Exhibition of Buddhist Art from the Newark Museum

. January 6, 2017

Secrets of Buddhist Art: Tibet, Japan, and Korea February 10-May 7, 2017

NASHVILLE, TN – Organized by the Newark Museum exclusively for the Frist Center, Secrets of Buddhist Art: Tibet, Japan, and Korea explores one of the great faiths of the world through paintings and sculptures by Japanese, Korean, and Tibetan artists. On view in the Center’s Ingram Gallery from February 10 through May 7, 2017, the exhibition features 109 paintings and sculptures from the Newark Museum’s world-renowned collection of Buddhist art made between the late thirteenth and early twentieth centuries.

Bodhisattva Kshitigarbha and the Kings of Hell, Korea, late 19th or early 20th century, late Joseon Period (1392-1912). Colors and cloth. Newark Museum, Gift of Dr. and Mrs. John P. Lyden, 2001, 2001.75.1

Secrets of Buddhist Art provides a basic understanding of how these artistic objects function within the esoteric or “secret” Vajrayana branch of Buddhism. Between the fourth and third centuries BCE, Buddhism split into two main branches: Mahayana and Theravada. Seven centuries later, in the third century, a third form, called Vajrayana, rose within the Mahayana branch. This esoteric school dominates Tibetan practice and is also prominent in Japan. Its devotees participate in initiation and empowerment ceremonies kept secret from outsiders. “A key to understanding these secrets is to study the complex array of both human and divine figures within esoteric Buddhism, as well as the rich, multilayered vocabularies of motifs that instruct and assist practitioners,” said Katherine Anne Paul, curator, Arts of Asia, Newark Museum.

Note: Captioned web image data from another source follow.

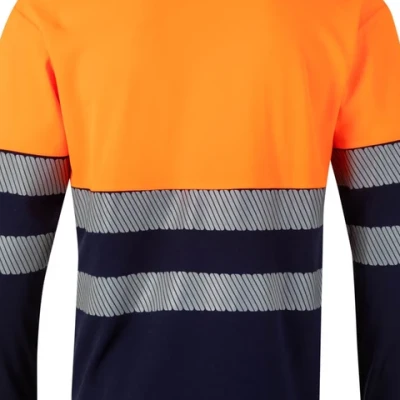 Tricou polo cu mânecă lungă din bumbac bicolor și bandă segmentată 305545 / Velilla / Reflectorizanta
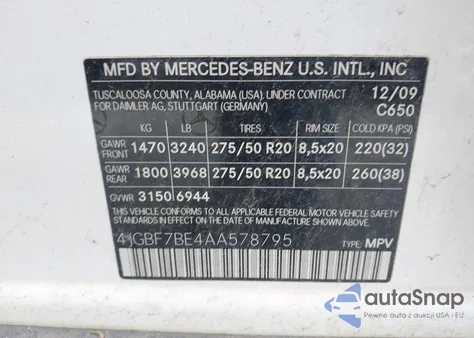 2010 Mercedes-Benz Gl 450 4Matic z USA, uszkodzony, nr VIN 4JGBF7BE4AA578795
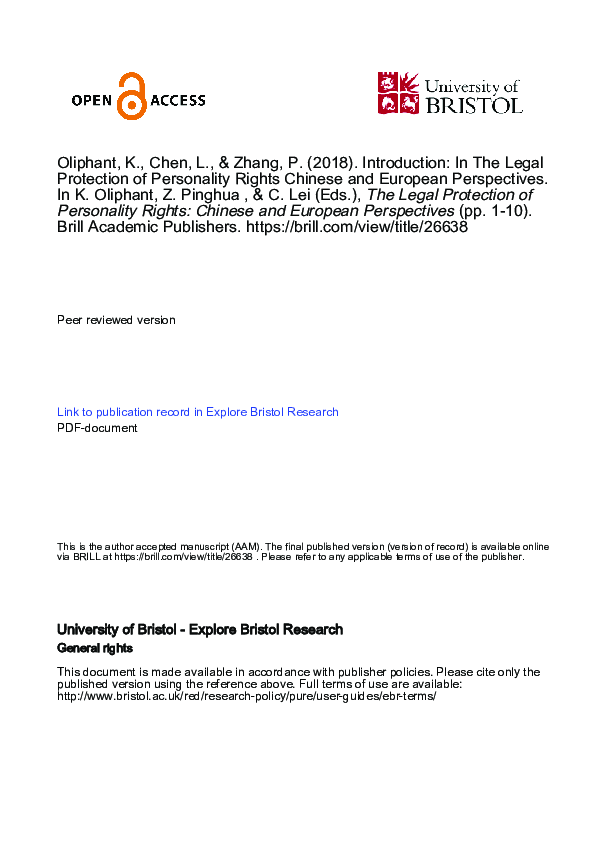 (PDF) Introduction: In The Legal Protection of Personality Rights ...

This exhibition marks the first time that a selection of traditional Korean art – including a major depiction of the Geumgangsan Diamond Mountains on a folding screen, as well as 15 other pieces – will be presented in Nashville. “The thematic groupings of objects intentionally transcend national boundaries and encourage viewers to compare each cultures’ interpretations of Buddhism and their distinguishing aesthetic forms and styles,” said Frist Center curator Katie Delmez.

Images of the historical Buddha, born Siddhartha Gautama in the sixth century BCE in present-day Nepal, are prevalent throughout the Buddhist world, as are depictions of great events from his many lifetimes, especially his miraculous birth, departure from home, attainment of enlightenment, first sermon at Deer Park, and realization of nirvana upon his final death.

Buddhist practices of Tibet, Japan, and Korea are also populated with other non-historical Buddhas as well as numerous bodhisattvas. “Bodhisattvas are spiritually realized figures who have attained enlightenment but postpone nirvana (the ceasing of cyclic existence) to assist other sentient beings until all become enlightened,” said Paul. “In art, bodhisattvas frequently are distinguished from Buddhas by jewelry-diadems, earrings, necklaces, armlets, bracelets, anklets-and by luxurious, often gravity-defying clothing that floats around them.”

Secrets of Buddhist Art includes sections that examine how Buddhism explains the cycle of birth, death, and rebirth and which particular Buddha and bodhisattvas are worshipped to promote good health, longevity, and increased wealth. The exhibition also features portraits of teachers and students not only from different regions and periods of time, but also from different Buddhist schools within each region. Particularly rare for any museum collection are the two complete sets of biographical paintings. The detailed hagiographies (biographies of saints) include fifteen Tibetan paintings that illustrate the life of Tsongkhapa and four Japanese paintings that illuminate the life of Tokuhon.

Tibetan Monks to Create Mandala in Education Gallery

As the featured component of the exhibition’s education gallery, Ritual in Action: Making a Mandala Sand Painting, seven Tibetan monks from Drepung Loseling Monastery in India will construct a mandala with millions of grains of colored sand. Mandalas are elaborate circular designs that are intended to represent the universe or a cosmic order. The making of temporary sand mandalas is an expression of devotion unique to Tibetan Buddhism. “The mandala connects to the older works of art and reminds us that this is very much a living practice,” said Delmez.

Beginning on Friday, February 10, visitors can watch the monks work for five consecutive days. The mandala will remain on view for the duration of the exhibition. On Sunday, May 7, the monks will return for the Frist Center’s Free Family Festival Day, ritually destroying the mandala in a closing ceremony that symbolizes impermanence.

Belmont University’s Asian Studies Symposium

Representations of Buddhism, the 2016-2017 Asian Studies Symposium at Belmont University in Nashville, will be held Monday-Friday, February 13-17, and will support Secrets of Buddhist Art: Tibet, Japan, and Korea, with speakers on divergent facets of Buddhism in art, literature, popular culture, social activism, and personal journeys.